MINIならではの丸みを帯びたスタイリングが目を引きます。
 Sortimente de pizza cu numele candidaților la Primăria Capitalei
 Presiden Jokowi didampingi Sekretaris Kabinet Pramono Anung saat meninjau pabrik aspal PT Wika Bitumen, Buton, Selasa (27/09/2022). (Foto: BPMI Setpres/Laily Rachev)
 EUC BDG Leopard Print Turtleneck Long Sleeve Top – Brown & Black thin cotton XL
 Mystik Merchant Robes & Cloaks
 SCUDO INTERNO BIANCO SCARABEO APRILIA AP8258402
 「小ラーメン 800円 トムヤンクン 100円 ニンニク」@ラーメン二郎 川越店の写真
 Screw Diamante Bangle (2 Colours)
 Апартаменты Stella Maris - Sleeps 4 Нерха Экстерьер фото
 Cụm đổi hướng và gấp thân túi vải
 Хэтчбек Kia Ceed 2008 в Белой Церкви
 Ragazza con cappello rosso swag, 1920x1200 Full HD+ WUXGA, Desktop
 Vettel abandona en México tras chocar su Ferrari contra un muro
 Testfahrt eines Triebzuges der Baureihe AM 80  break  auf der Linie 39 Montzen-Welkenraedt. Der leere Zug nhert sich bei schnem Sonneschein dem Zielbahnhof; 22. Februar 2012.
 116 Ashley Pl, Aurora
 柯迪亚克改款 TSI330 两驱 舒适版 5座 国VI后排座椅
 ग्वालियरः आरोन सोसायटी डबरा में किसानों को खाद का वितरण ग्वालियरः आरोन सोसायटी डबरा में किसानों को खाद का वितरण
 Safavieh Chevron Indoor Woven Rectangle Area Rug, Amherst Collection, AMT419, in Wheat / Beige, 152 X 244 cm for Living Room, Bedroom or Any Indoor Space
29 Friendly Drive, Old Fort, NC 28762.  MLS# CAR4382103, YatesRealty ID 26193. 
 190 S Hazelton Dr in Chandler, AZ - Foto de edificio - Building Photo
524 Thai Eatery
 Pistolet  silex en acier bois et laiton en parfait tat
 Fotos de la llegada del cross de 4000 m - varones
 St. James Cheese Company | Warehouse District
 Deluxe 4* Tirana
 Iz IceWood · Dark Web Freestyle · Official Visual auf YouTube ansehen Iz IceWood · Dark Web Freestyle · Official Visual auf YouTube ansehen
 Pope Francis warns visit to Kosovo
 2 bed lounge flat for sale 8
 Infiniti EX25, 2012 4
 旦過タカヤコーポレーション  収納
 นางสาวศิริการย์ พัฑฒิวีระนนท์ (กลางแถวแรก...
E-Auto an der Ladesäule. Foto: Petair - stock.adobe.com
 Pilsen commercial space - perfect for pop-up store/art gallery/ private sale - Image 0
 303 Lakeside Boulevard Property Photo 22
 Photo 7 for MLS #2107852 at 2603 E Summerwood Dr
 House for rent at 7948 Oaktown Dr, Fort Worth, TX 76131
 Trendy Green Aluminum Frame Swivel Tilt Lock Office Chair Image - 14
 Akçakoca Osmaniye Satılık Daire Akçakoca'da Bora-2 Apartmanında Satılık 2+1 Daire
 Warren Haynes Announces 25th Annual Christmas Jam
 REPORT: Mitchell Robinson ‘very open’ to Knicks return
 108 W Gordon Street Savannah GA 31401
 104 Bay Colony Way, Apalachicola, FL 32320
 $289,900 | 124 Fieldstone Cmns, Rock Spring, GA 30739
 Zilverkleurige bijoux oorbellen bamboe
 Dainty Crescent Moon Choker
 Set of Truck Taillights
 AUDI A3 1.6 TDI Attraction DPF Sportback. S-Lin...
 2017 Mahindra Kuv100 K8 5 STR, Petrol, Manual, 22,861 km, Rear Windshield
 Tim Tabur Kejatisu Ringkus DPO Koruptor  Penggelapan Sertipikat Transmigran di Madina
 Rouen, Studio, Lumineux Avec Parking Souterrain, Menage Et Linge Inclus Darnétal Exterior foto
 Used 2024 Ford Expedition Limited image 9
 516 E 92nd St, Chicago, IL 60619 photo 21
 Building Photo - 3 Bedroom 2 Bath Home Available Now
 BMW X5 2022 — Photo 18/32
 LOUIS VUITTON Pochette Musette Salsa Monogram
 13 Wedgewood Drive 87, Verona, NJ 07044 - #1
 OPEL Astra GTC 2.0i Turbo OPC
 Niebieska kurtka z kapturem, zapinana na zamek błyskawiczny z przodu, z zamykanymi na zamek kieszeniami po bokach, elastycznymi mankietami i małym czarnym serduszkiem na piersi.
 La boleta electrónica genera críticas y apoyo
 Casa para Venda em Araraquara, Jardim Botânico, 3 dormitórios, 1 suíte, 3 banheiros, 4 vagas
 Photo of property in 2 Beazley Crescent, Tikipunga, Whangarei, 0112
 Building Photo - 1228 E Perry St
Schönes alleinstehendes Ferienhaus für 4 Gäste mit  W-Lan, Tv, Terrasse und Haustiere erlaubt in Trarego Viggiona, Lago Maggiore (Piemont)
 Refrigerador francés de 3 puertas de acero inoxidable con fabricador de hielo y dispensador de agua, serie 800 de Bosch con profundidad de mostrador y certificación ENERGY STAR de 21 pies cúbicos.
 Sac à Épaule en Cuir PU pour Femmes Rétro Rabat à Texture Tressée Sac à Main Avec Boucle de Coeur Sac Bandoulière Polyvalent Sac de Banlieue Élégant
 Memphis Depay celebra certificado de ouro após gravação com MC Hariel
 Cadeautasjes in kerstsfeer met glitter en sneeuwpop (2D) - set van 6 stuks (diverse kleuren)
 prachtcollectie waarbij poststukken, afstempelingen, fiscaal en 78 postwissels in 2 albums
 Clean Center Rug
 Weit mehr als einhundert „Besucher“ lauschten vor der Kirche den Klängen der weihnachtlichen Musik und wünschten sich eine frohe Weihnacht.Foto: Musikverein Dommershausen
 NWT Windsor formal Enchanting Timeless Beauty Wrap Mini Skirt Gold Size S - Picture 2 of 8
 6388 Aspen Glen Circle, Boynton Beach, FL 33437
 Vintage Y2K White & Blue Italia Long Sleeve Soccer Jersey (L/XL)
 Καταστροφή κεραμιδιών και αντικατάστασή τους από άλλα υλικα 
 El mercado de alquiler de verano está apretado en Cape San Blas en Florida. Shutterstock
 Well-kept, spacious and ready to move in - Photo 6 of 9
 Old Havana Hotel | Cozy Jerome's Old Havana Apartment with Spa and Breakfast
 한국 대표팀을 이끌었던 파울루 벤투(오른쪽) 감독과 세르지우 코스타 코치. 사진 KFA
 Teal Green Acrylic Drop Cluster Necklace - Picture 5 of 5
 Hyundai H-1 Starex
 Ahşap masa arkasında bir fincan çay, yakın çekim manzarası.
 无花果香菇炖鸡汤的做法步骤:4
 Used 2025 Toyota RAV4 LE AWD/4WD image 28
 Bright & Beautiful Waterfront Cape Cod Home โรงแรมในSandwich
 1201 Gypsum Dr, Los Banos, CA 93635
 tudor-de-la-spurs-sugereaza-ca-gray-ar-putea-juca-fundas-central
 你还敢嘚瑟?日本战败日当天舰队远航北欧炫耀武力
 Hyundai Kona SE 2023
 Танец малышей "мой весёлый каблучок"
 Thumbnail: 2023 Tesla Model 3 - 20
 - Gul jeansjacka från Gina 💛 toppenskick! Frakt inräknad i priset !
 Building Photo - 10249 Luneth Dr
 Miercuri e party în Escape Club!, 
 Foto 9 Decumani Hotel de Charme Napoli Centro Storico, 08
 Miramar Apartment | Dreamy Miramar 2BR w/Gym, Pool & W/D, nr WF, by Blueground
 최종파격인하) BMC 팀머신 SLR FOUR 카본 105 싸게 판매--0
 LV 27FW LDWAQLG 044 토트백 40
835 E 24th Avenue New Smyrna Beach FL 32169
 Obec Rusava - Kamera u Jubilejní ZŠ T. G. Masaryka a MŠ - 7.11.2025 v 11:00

┄┄┄┄┄┄

How to complete this task: Using the records above, write out exactly the lines between the one holding "Warren Haynes Announces" and the one holding "AUDI A3 1.6", inclusive; leave everything else out.

Solution to the problem:
 Warren Haynes Announces 25th Annual Christmas Jam
 REPORT: Mitchell Robinson ‘very open’ to Knicks return
 108 W Gordon Street Savannah GA 31401
 104 Bay Colony Way, Apalachicola, FL 32320
 $289,900 | 124 Fieldstone Cmns, Rock Spring, GA 30739
 Zilverkleurige bijoux oorbellen bamboe
 Dainty Crescent Moon Choker
 Set of Truck Taillights
 AUDI A3 1.6 TDI Attraction DPF Sportback. S-Lin...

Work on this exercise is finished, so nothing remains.